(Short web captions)
####
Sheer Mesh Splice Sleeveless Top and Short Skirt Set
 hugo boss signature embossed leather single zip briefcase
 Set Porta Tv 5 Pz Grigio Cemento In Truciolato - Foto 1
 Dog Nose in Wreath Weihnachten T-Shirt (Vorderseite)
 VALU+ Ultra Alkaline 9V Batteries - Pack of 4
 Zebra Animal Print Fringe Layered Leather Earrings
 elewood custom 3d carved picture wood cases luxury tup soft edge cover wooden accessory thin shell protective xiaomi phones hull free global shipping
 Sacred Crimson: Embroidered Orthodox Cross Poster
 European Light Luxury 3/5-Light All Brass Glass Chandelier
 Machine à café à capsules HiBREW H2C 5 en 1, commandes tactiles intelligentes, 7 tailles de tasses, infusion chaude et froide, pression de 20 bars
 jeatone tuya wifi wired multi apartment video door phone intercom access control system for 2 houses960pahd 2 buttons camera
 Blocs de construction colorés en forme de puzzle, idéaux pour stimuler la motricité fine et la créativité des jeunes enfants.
####
■ EXERCISE ■
Copy out the lines above, from the one holding "VALU+ Ultra Alkaline" through the final line, with no other lines.

■ WRITTEN RESPONSE ■
 VALU+ Ultra Alkaline 9V Batteries - Pack of 4
 Zebra Animal Print Fringe Layered Leather Earrings
 elewood custom 3d carved picture wood cases luxury tup soft edge cover wooden accessory thin shell protective xiaomi phones hull free global shipping
 Sacred Crimson: Embroidered Orthodox Cross Poster
 European Light Luxury 3/5-Light All Brass Glass Chandelier
 Machine à café à capsules HiBREW H2C 5 en 1, commandes tactiles intelligentes, 7 tailles de tasses, infusion chaude et froide, pression de 20 bars
 jeatone tuya wifi wired multi apartment video door phone intercom access control system for 2 houses960pahd 2 buttons camera
 Blocs de construction colorés en forme de puzzle, idéaux pour stimuler la motricité fine et la créativité des jeunes enfants.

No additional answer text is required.